Postby Xyx » 07 Oct 2016, 10:33

lujo wrote:What's keeping Blood Moon out of the format?
Moxen, and Red not being super, I guess. One of the best red cards is Red Elemental Blast. Go figure.

lujo wrote:a lot of constructed deckbuilding is actually about how to dodge the 60 card limit by either finding ways to play more then 4 effective copies of something, efficient tutoring, card draw and library trimming.
I don't see how that's different for 40-card decks. Nobody is going to leave their Demonic Tutor or that 4th Lightning Bolt out of their deck because it's only 40 cards.

lujo wrote:If it was 40 card decks, even the grouping by flavor would be doable in a more operable way. There's a 60 card deck with 28 lands in there.
I know. :(

lujo wrote:Dwarven Catapult - it has only 1 red in the casting cost, and if your deck includes ramp anyway, and Deep Spawn blue is the only deck which is truly likely to play High Tide, then you kinda really want to splash it.
I've had so many games where I was holding Dwarven Catapult and couldn't even kill anything with it. Do I really want to splash for a card like that? The only reason we're even talking about it at all is because all the other removal in Fallen Empires also requires you to jump through a ton of hoops. It's just bad all around, but you still need removal, so you're forced to settle for the "ideal" 4-cards-to-kill-3-guys combo. There is not even the crappy "kill any guy for 5 mana" spell that we see in recent blocks. The best the set has to offer is a 3-mana Shock (and that's colorless so it's an auto-4-of in every single quest deck .) This is one of the reasons Fallen Empires has the reputation it has.

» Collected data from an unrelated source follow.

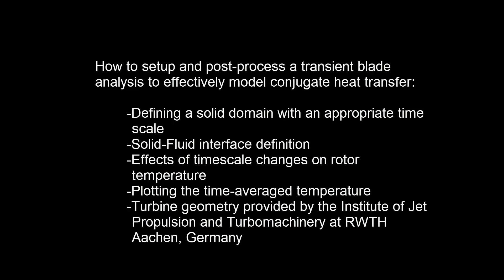In this demonstration, you'll learn how to set up and post-process a transient blade analysis for a hot streak migration flow problem on an Auchin turbine to effectively model conjugate heat transfer and determine the rotor's temperature distribution.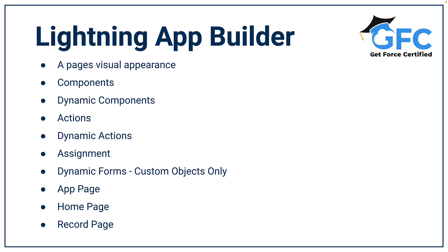We also have the option of dynamic forms, but these are only available for custom objects only. And they just allow us to display the right information at the right time. When it comes to Lightning Pages, there's three types that we can create. We can create a one-page app for Salesforce Lightning and the mobile app. We could create homepages, and we can also create Lightning record pages.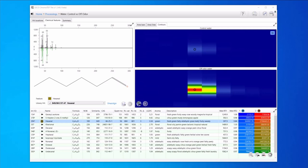After processing, analyte information is compiled in the chemical feature table. Here we have a focused list of some of the analytes that were higher in the off odor sample.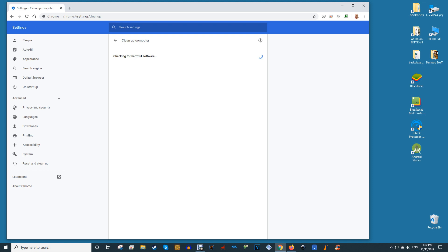Google goes into detail about what kind of software it classifies as undesirable on the page linked in the description. Once the scanner has completed its task you'll be shown a report about any malware that was found on your device.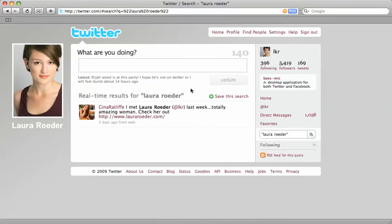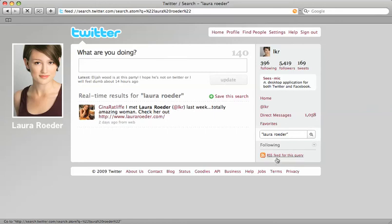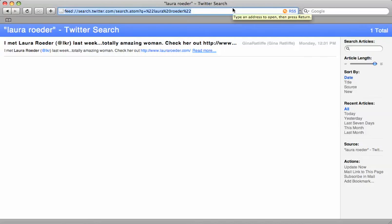Once Twitter comes up with that search, all you do is hit RSS feed for this query on the search page. And once you click that link, you'll be taken to a page that has the feed URL. You can just copy and paste this URL from your toolbar right here.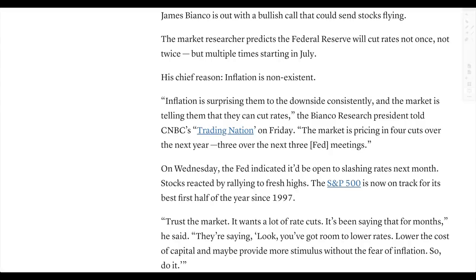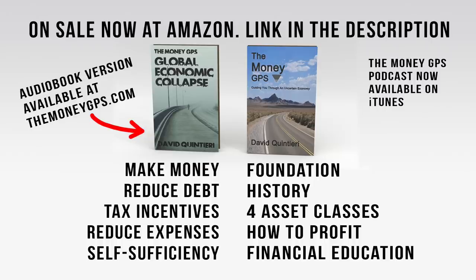This article is the case for cutting rates four times in the next 12 months, basically suggesting that inflation is non-existent and everyone will benefit when you bring interest rates down. CNBC says: trust the market, it wants a lot of rate cuts, you've got room to lower rates, lower the cost of capital, and maybe provide more stimulus without the fear of inflation. This is the type of behavior we have at the end of any cycle. There's a mania going on right now, and people don't understand it when they're sitting in the middle of it.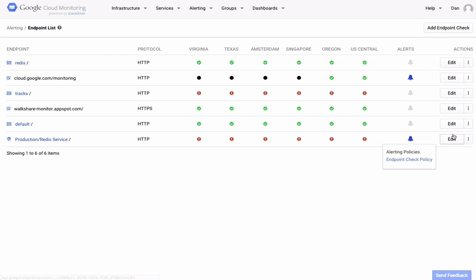From this page, you can also edit any of your endpoint checks directly. So that's how you can get started using Cloud Monitoring's Endpoint Check feature. We hope that it helps you identify issues that are impacting your end users more quickly.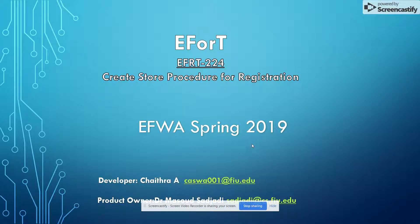Hi, this is Chaitra Ashwat Narana and I'm part of FL project spring 2019. Product owner for the project is Dr. Masut Sajadi.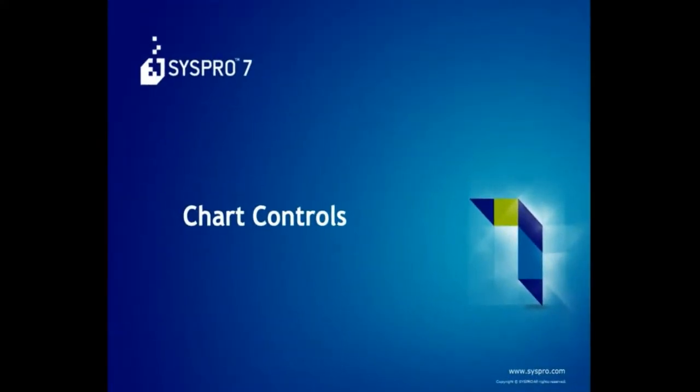SYSPRO 7 implements a new set of chart controls used throughout the product. The benefits are that you can now create multiple diagrams in one chart as well as a Gantt chart. In this demonstration, we provide a preview of these two charts and how to access the VBScript for them.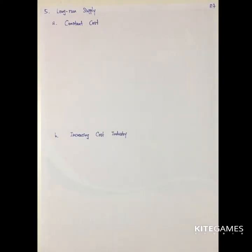Next, we will take a look at the concept of long-run supply. Long-run supply means the change in the firm's output with respect to change in the demand. We have three cases of the long-run supply.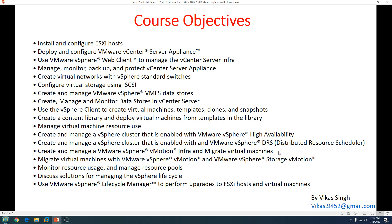We'll also create and manage vSphere clusters enabled with VMware vSphere DRS — Distributed Resource Scheduler — which is basically load balancing, distributing workloads among available hosts for best performance. Additionally, we'll create vMotion infrastructure and migrate virtual machines from one ESXi host to another using both compute vMotion and storage vMotion.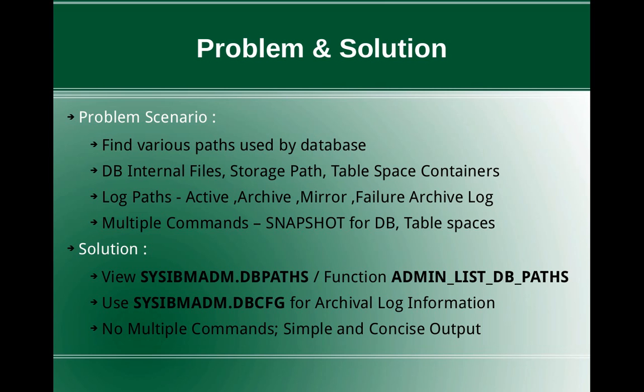And log paths, so there are various log paths involved. One is active log directory, another one is archival log directory, mirror log directory which is just a backup for the active log directory.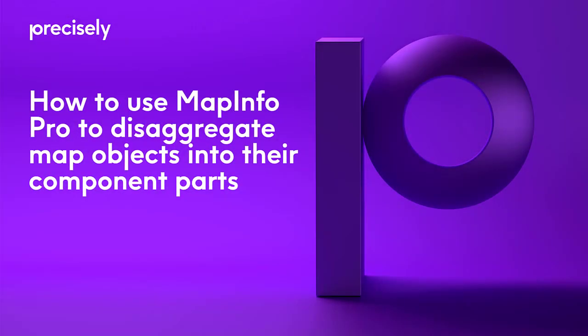Hi everyone, this is Ive and today I want to show you how to segregate map objects and the data into their component parts.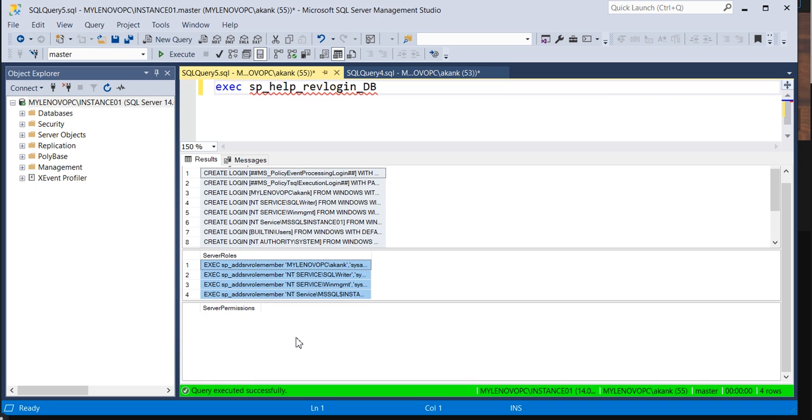I will share this script. You can also utilize it. Well, that's it for today. And don't forget to subscribe my channel. I will meet you soon. Thank you, guys.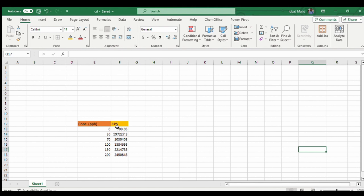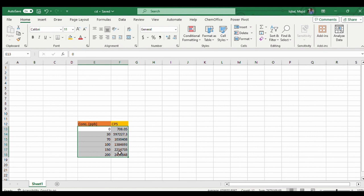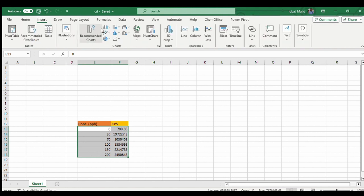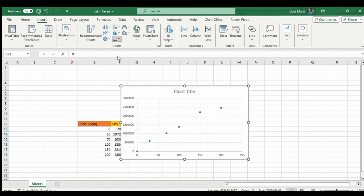First you have to select this data and then you have to go to Insert. You can see these different kinds of graphs. From here we have to select a scatter graph.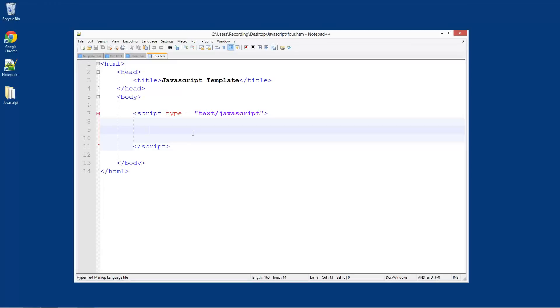Welcome to the fourth JavaScript tutorial. In this tutorial I'm going to show you how to use basic math functions like addition, subtraction, multiplication and division inside of your program, inside of your website.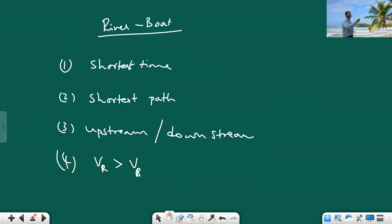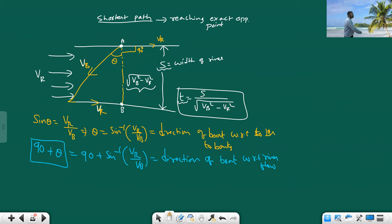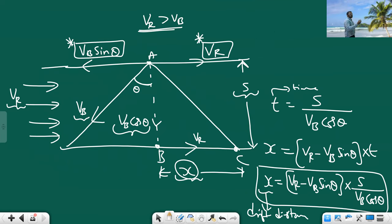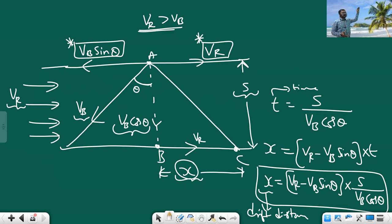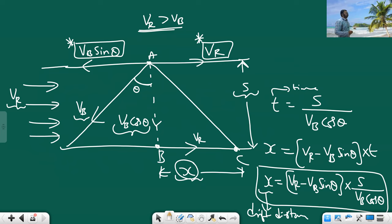These are the four cases for river boat problems. First: shortest time. Second: shortest path. Third: upstream and downstream. Fourth: the special case where river flow velocity is greater than boat velocity. In exams, just check the velocities — when river velocity is greater than boat velocity, apply this special case. I hope you are clear with this.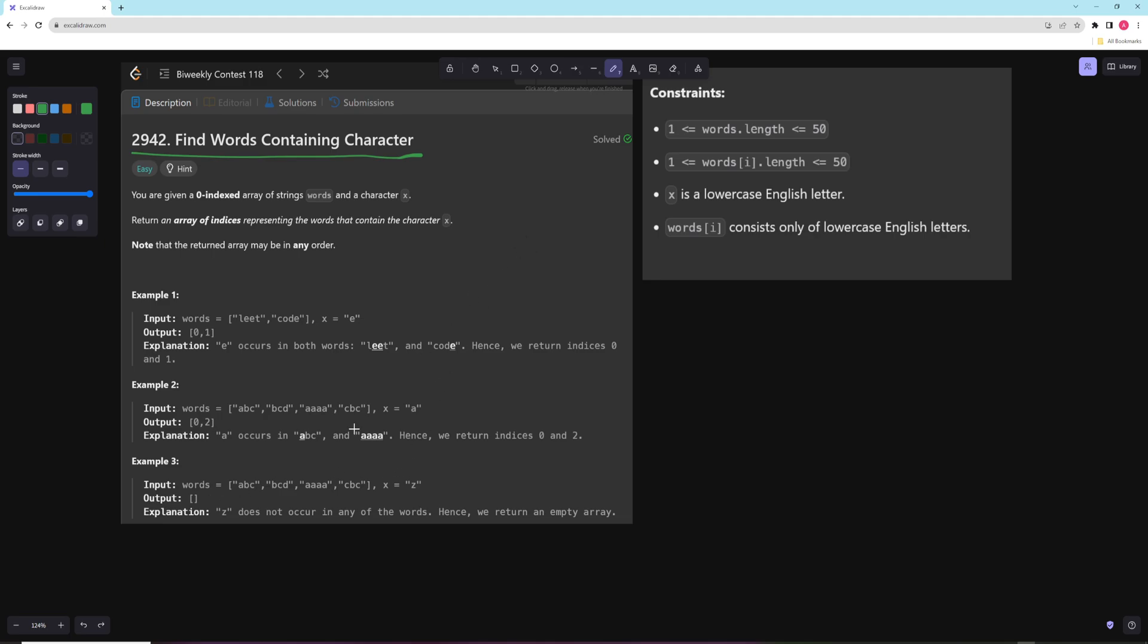That's going to be a pretty short video, but essentially all you have to do is for a word, you just have to loop through the characters and check if there's a match. So you just go through your array, you keep track of the index, and you just loop through the characters. And if there is a match, then you put that index into the result array, and that's pretty much it.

lujo wrote:Icatian Phalanx - Costs only 1 white to play, is very hard to kill, and makes other things very hard to kill.
That I might splash for. If only the AI knew how banding works...

lujo wrote:Derelor - is primarily meant to be played as a splash, and was played that way competitively.
True.

lujo wrote:Armor Thrull - is also somewhat splashable and useful in any deck.
You really like Armor Thrull! You can't rely on having your splash color on turn 3, though, but I guess a 1/3 body is going to be somewhat relevant in a set full of quasi Gray Ogres even in the late game.

Tell you what, if I ever have to playtest Sarpadia again, I will put that Armor Thrull to work!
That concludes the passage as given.